アードモア王国の王女は転生者だから、子供の頃から優秀で聡明だと有名で、普通の子供である王太子より王女を跡継ぎにするべきだという声が上がっていたの。
だから、他国の王女を迎えることによって、王太子の後ろ盾にしようって考えなんでしょうね。
「だからね、陛下は王女の夫として僕はふさわしくないと思われたんだって、にやにやしながら言っていたよ。僕と王女の婚約話なんて、王宮では話題にもなっていなかったのにね」
「え? ワディンガム公爵はジョシュア様と王女様の婚約を望まれていたのでは?」
「ここで僕が王女と婚約なんてしてごらんよ。周りから僕のほうが当主にふさわしいって声が上がるじゃないか」
最初に会った時には理想的な美形家族に見えたのに、まさかこんな関係だったとは。
少し前のギルモアもそうだし、権力とお金が集まる大貴族の跡目争いってすごいわね。
「実際、そうだからしかたない」
王弟殿下、みんな心の中ではそう思っていても黙っていたんですよ。
でも本当にワディンガム公爵の立場は、かなり危うくなっているかもしれないわ。
バルナモアには四つの公爵家があるのよ。
ひとつは財務大臣として王宮で活躍しているキリンガム公爵家でしょ?
それと大きな港が領地にあって海運業で莫大な利益を得ているトールマン公爵家と、歴史に造詣が深く、国立図書館と学園の創設に携わり、今も学園長を務めているラトリッジ公爵家。
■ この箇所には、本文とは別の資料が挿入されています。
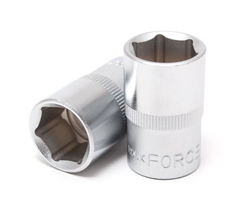 Головка 18мм 1/2''6гр. RockForce##Rock FORCE RF-54518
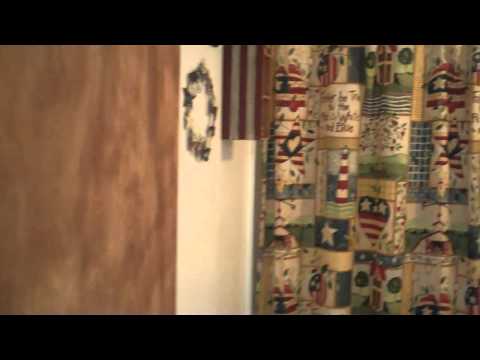 1907 350th St. Stanhope, IA Lower Level Tour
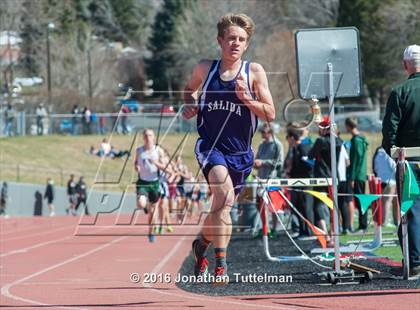 Thumbnail 2 in 2016 Terror Invitational photogallery.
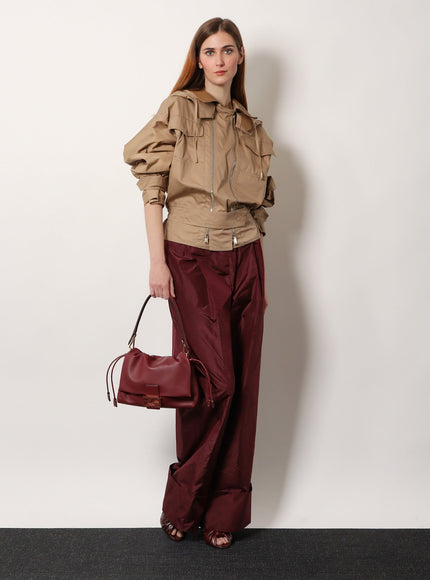 Fendi Cotton Jacket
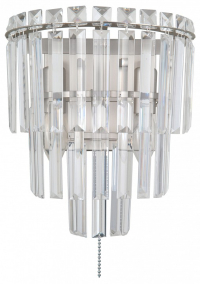 Накладной светильник Moderli Crystal V10739-2W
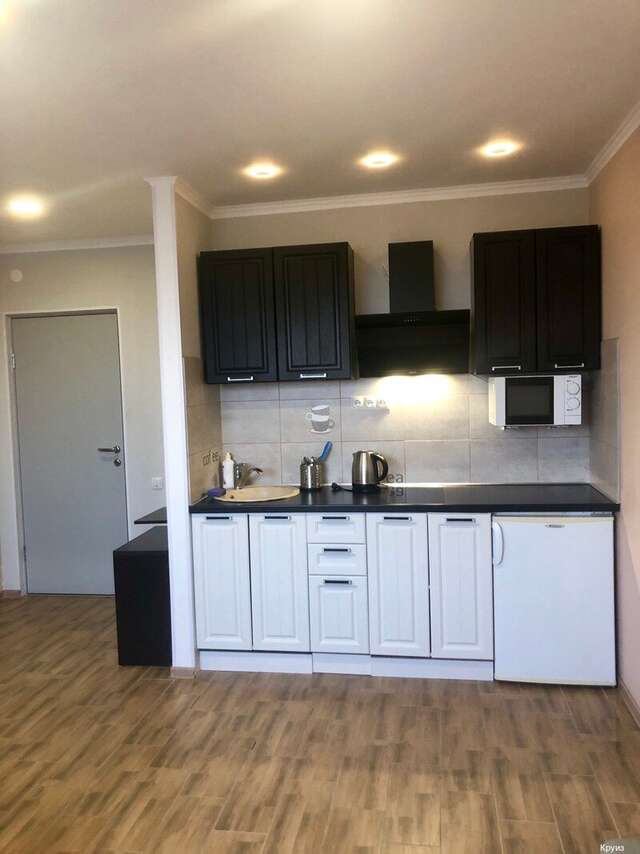 Гостиница Круиз Пионерский-218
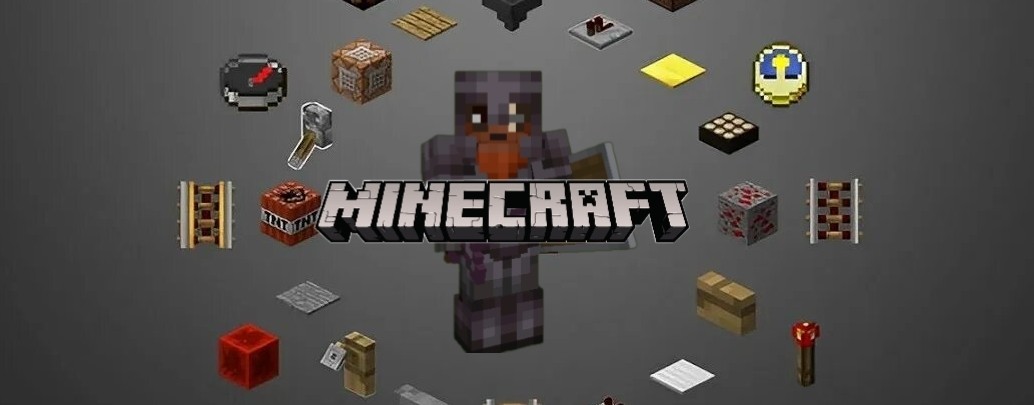 Sergey Minecraft's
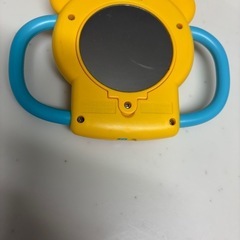 しまじろう　歯磨きミラー　ベネッセの画像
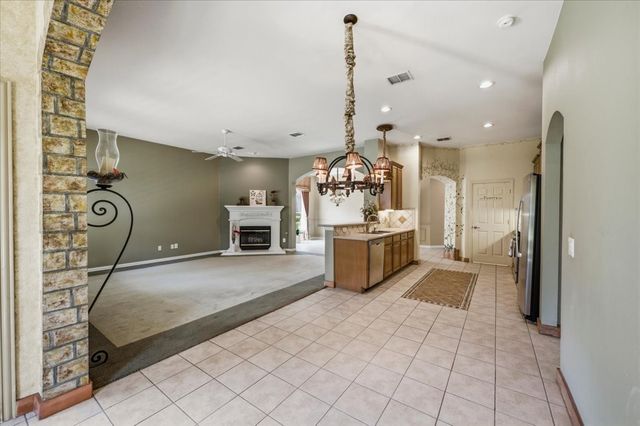 929 Oakland Hills Drive, Fairview, TX 75069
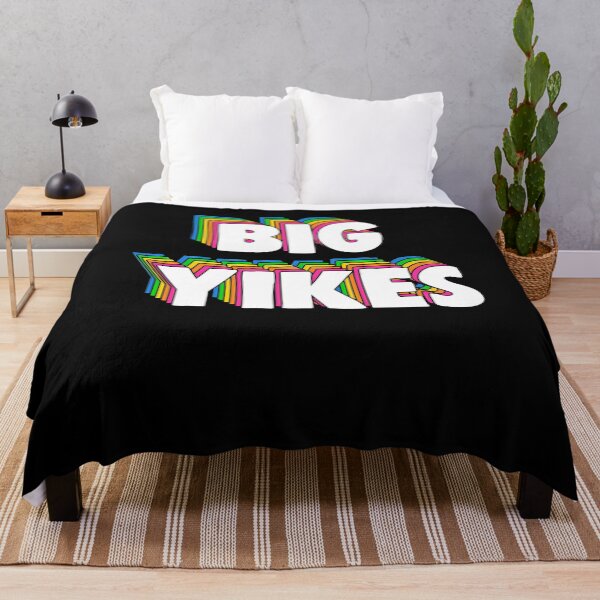 Item preview, Big Yikes Meme  	 designed and sold by bkekmqmher66.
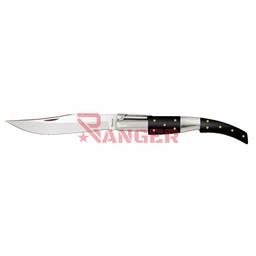 NAVAJA ARABE CARRACA 9,7 CM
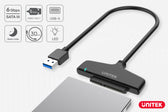 Kabel adapter Unitek Y-1096 USB 3.0 do SATA III 6G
他の家は重要な役目を担っているのに、若くして公爵になったワディンガム公爵は、まずは地盤を固めるのを優先出来るようにと役目を与えられないままなのよ。
四天王の中でおまえが最弱ってやつよ。
ジョシュア様は国王陛下の上級補佐官になる修行をしているでしょ?
いずれは宰相になるんじゃないかなんて噂もあるのよ。
そりゃあワディンガム公爵としては、心中穏やかではいられないわよね。
「嫌がらせって、シェリルも何かされたのか?」
黙って会話を聞いていたノアが聞いてきた。
食いっぷりがいいわね。
お皿が空っぽになっているわ。
「私は大丈夫よ。まだ食べたいのなら向こうから取ってきてね」
「そうする。……あのさ、両親が改めてお礼がしたいって言っているんだ。クロウリー男爵家に行っても平気か聞いてくれって言われた」
「お礼なんていいのに。でも来てくださるのなら歓迎するわ。家族にはうまく話してあるから大丈夫よ」
「そうか。わかった」
話しておかないといけないことを言えたので安堵したのか、ノアは笑顔で頷き、いそいそと立ち上がりお皿を手に料理を取りに行った。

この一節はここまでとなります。